Throughout the years there have been numerous iterations of the famed curse of La Llorona most recently as part of the Conjuring Universe. The most recent take is the film The Legend of La Llorona starring Autumn Reeser, Antonio Cupo, Zamia Fandiño and Danny Trejo with director Patricia Harris Seeley at the helm. Could this latest take on the tale deliver the scares or will it sink to the bottom of the river?
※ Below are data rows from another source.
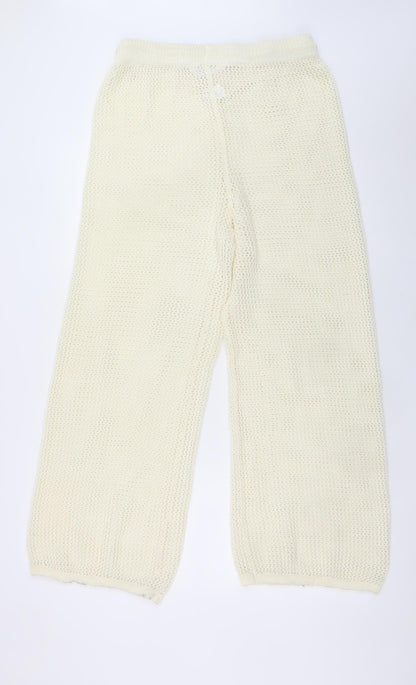 Womens UK Size L Primark Relaxed Fit Casual Travel Ivory Trousers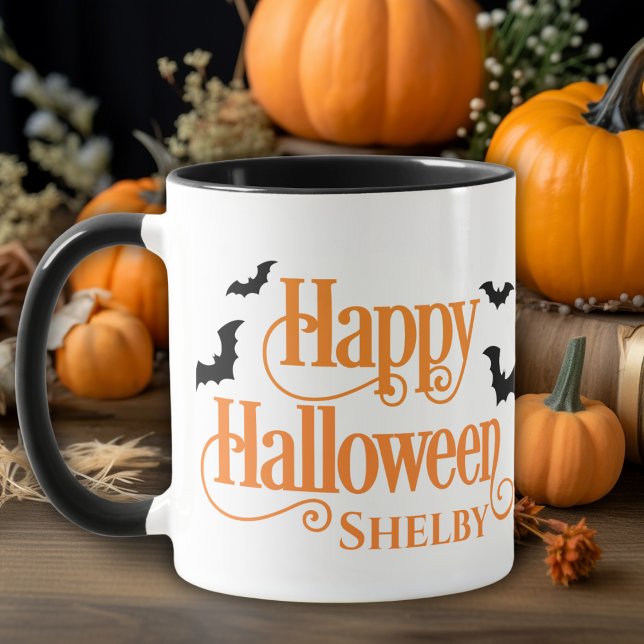 Personalized Black and Orange Happy Halloween Mug (Personalized Black and Orange Happy Halloween Mug - Just add your name!)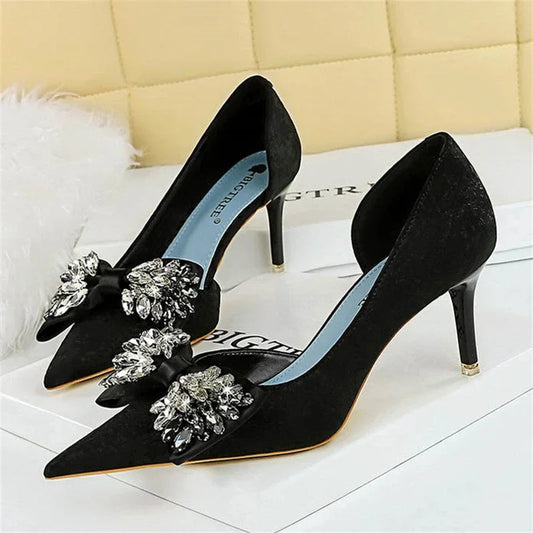 Dam Pumps Spetsig Design PU-Material Eleganta och BekvÀma Skor-1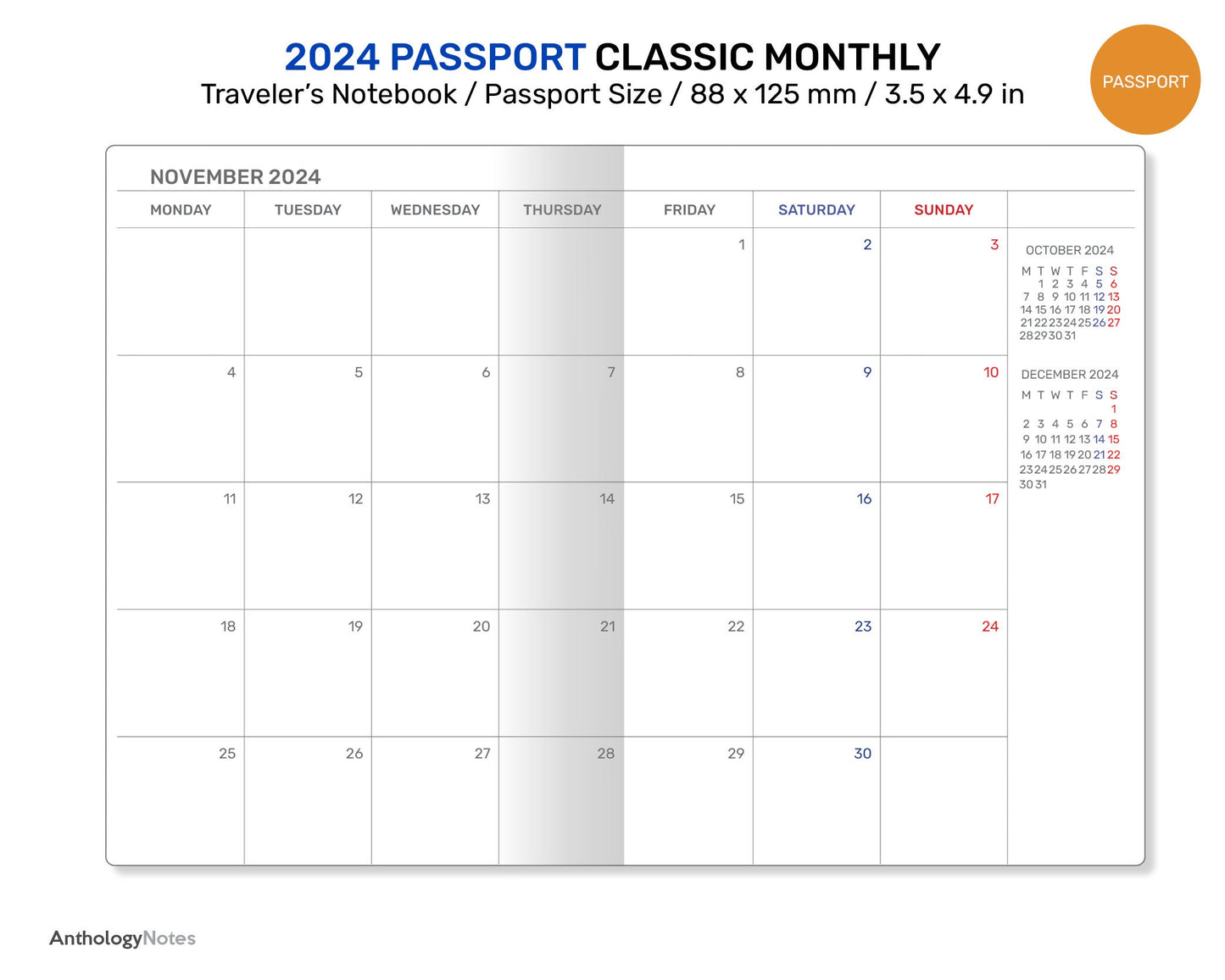 2024 PASSPORT Monthly Classic Minimalist Diary Traveler's Notebook Printable Insert Mo2P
The Legend of La Llorona follows a malevolent spirit bent on vengeance, stalks a young family visiting Mexico. Andrew, Carly and their son Danny travel to an isolated hacienda in Mexico for a much needed vacation. As they enter the town, signs showing missing children set an ominous tone. The family learns of the legend of “La Llorona,” the evil spirit of a distraught mother who lurks near the water’s edge and strikes fear in the hearts of all who see her. La Llorona torments the family mercilessly, snatching Danny and trapping him in a netherworld between the living and the dead. Aided by the resourceful taxi driver Jorge the family races to save their only child, navigating the foreboding countryside held by menacing cartel thugs. Gaining strength and power and leaving a path of death and destruction in her wake, La Llorona is seemingly unstoppable. But a secret from Carly’s past may provide an opportunity to finally defeat the spirit.
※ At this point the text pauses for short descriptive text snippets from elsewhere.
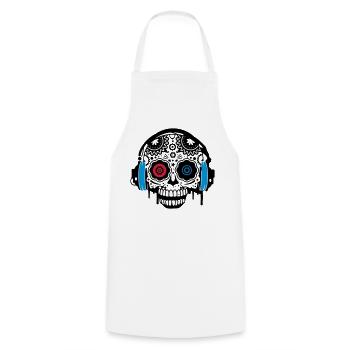A Sugar Skull with headphones - Cooking Apron - white - Front - AI Model Male 185 dark (185cm)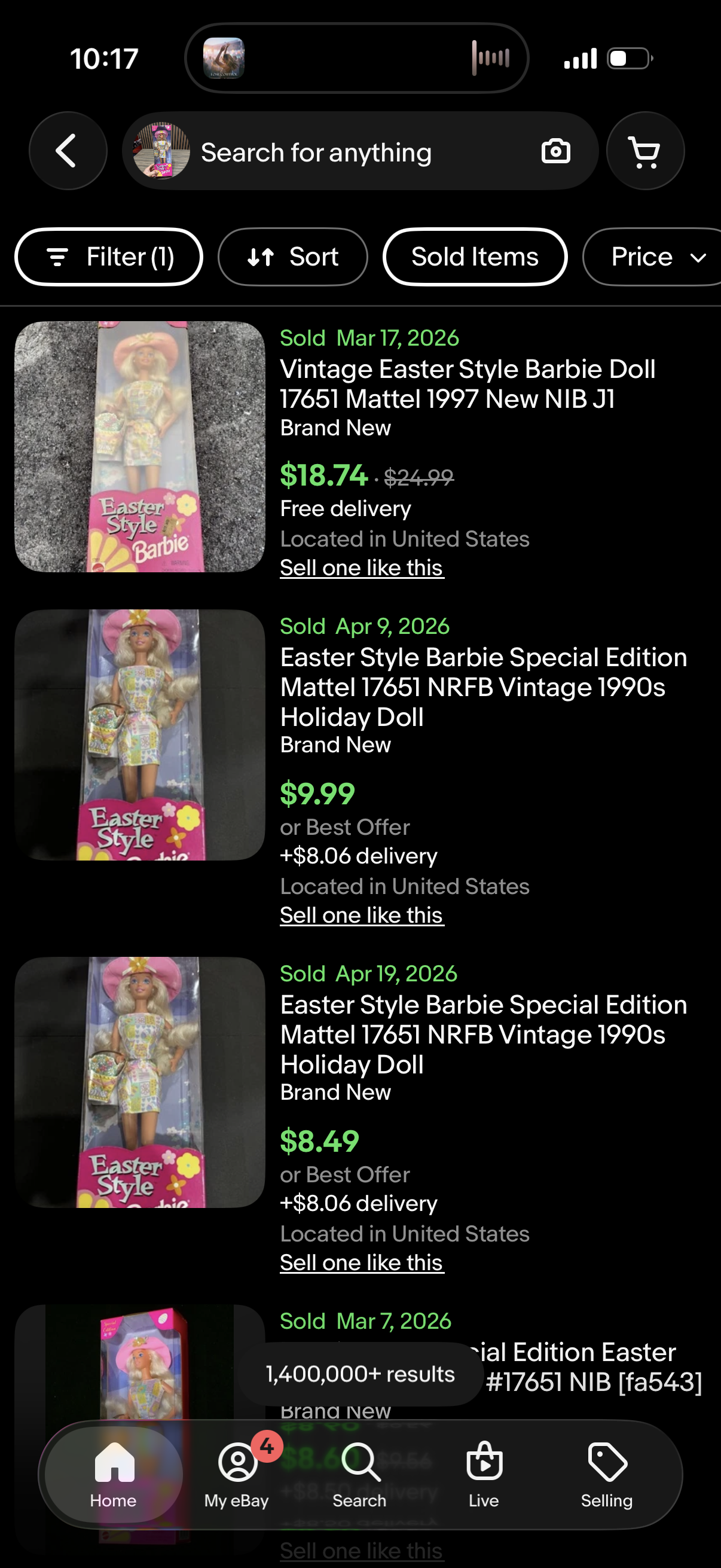 Easter Style Barbie Doll Special Edition 1997 Mattel 17651 NEW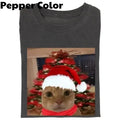 Cute Christmas Cat meme T-shirt, Vintage Funny Cat Expression Graphic Tee, Cat Lovers, Cute Kitty Meme Unisex Retro...
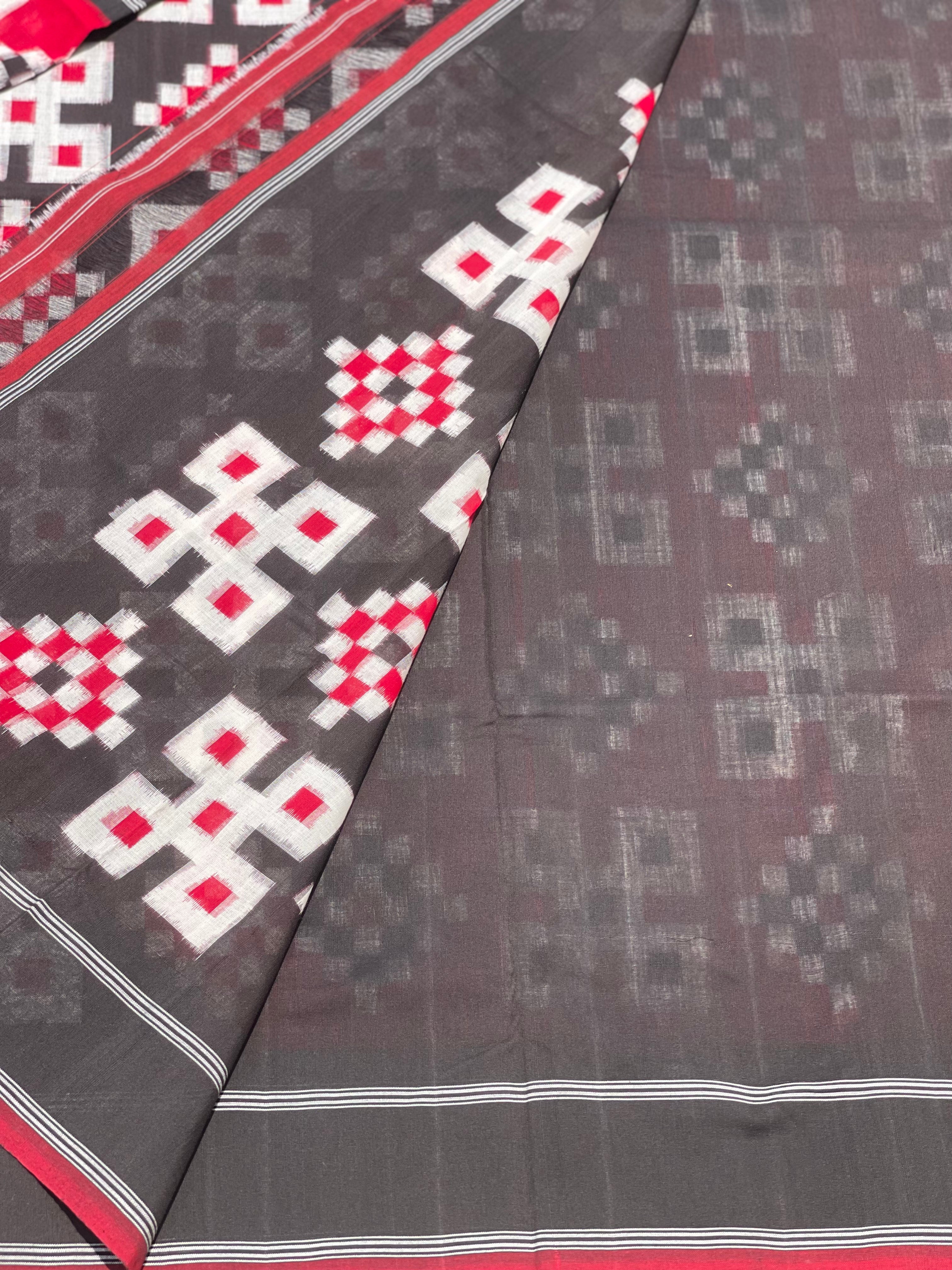 Telia Rumal double ikkat cotton saree in red black and white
I am not typically a big fan of the haunted horror genre, but when handled right I am all in. I know a lot about this legend and its culture, which is also a pretty common one that almost every culture has a version of. That gives it a lot of possibilities so kept my mind open and ready for the spirits to deliver. Sadly while it had a decent enough story it was so generic and all over the place it fails to really offer up anything that stands out. The film also relies a lot on special effects that are pretty low budget which you can accept, but just not well utilized.


Outside of the main plot it seemed that we spend the majority of the film with the mother constantly looking for her son and yelling “Danny!” to trying to find him. I mean how many times do you lose your kid? They are trying to build some suspense and twists to the story, but it never really lands anyway. Sure there are some interesting directions to the tale, but it just can’t seem to execute well enough to make you care. The whole film felt like something you might see on Lifetime and in that case would probably be fine, but as a bigger release not so much.


Decide for yourself and check out The Legend of La Llorona in theaters on January 7th and then On Demand and Digital on January 11th.